New age grading data

Age grading is described in Running for Fitness here.

Alan Jones has recently updated the age-grading tables, because the estimates of world-record times for older women were proving too soft. Apparently some females were obtaining scores over 100%. The men’s tables have not changed since 2004.

The age grading tables used on this website are a combination of Howard Grubb’s tables here for men, and women’s track, and the Alan Jones updates for female road records here.

You can download an Excel spreadsheet containing the age grading times used on the website here.

2 Responses to New age grading data

  • sherry simmons:

    I just stumbled across all the letters for senior runners and wanted to comment. I started racing road races when i was twelve and last month won my 55+ divison after a hip replacement last year . I then retired due to bad knees.Roads r for cars. You don<t see the horses racing on hard surfaces. All running races should be on the trails. I believe it to be the hard surface of road races to be bad. Streets r for things with wheels….stick to the soft surfaces;)

  • Owen

    I discovered your site via the reference to AG at parkrun.com and have since thoroughly enjoyed, and continue to re-read and refer to, the ebook of the Running For Fitness text.

    A couple of questions re AG:

    Firstly am I right to assume that an AG should be updated when the relevant AG tables are updated? Or does a ‘historical’ performance retain the AG assigned to it at the time under the prevailing AG tables at the time? Logic would seem to dictate the former, but I wonder if you can provide a definitive answer? :)

    Secondly, I wonder if you have considered modifiying the AG parts of your site to produce AGs to two decimal places?
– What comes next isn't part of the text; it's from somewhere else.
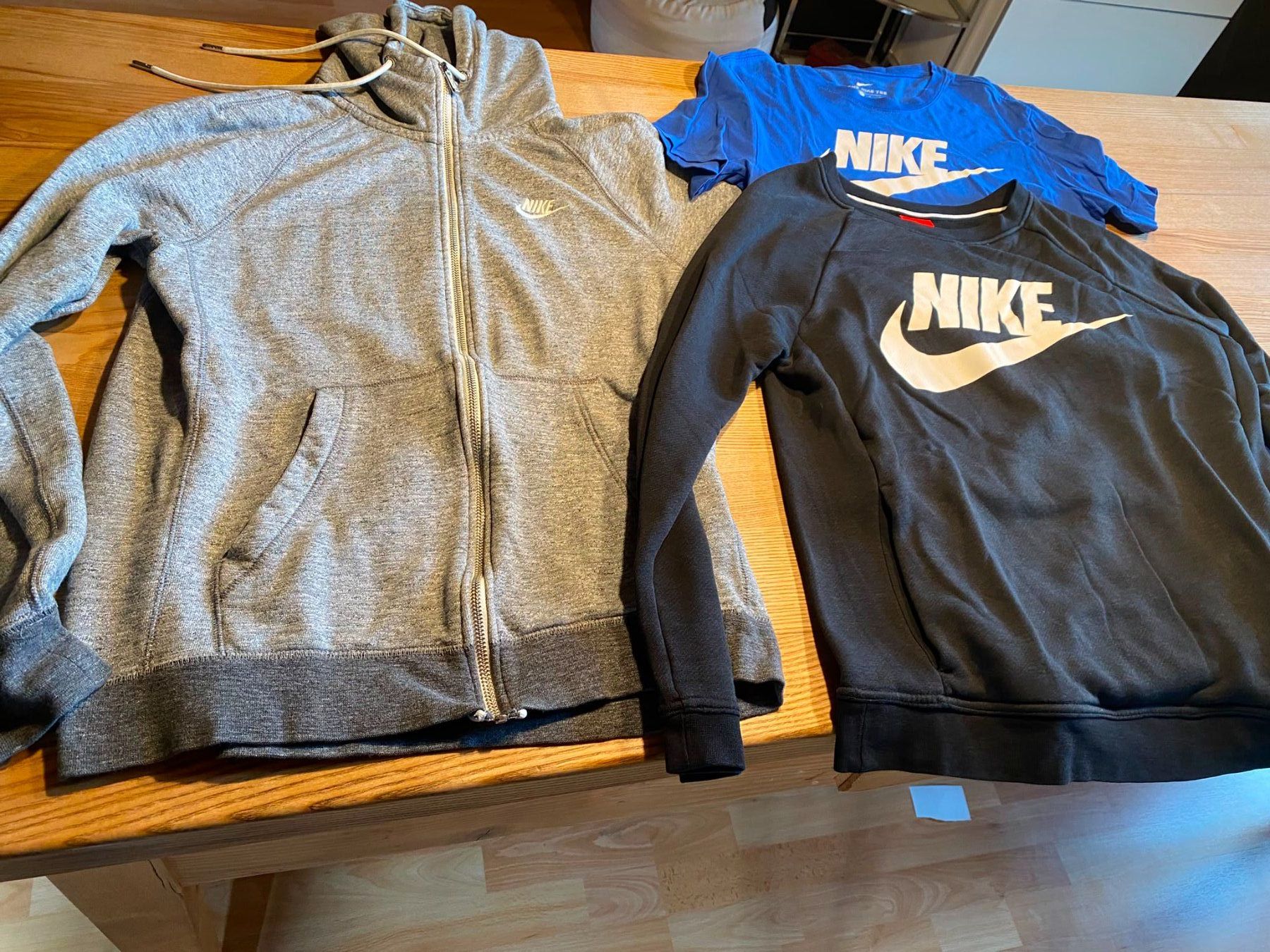 Nike Lotti di vestiti: 4-teiliges Paket Nike Herrenkleider Gr. S – Usato da Röschenz venduto da Tashroal 1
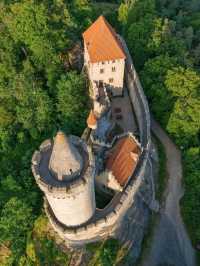 🏰🌲 “Czech Into a Fairytale: My Peaceful Escape to Kokořín Castle” ✨🦢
This would make it consistent with parkrun results amongst others. [Not that I’m suggesting their approach is inherently correct.] Similarly, particularly for shorter distances, might the times benefit from tenths/hundredths of a second?

    I had wondered how your calculations accounted for distances of less than 1500m since Alan Jones’ tables do not go below that distance, but having read your post above I shall go and investigate Howard Grubb’s tables.

    Thanks for an excellent resource – I find myself repeatedly recommending your ebook to family and friends as they take up running.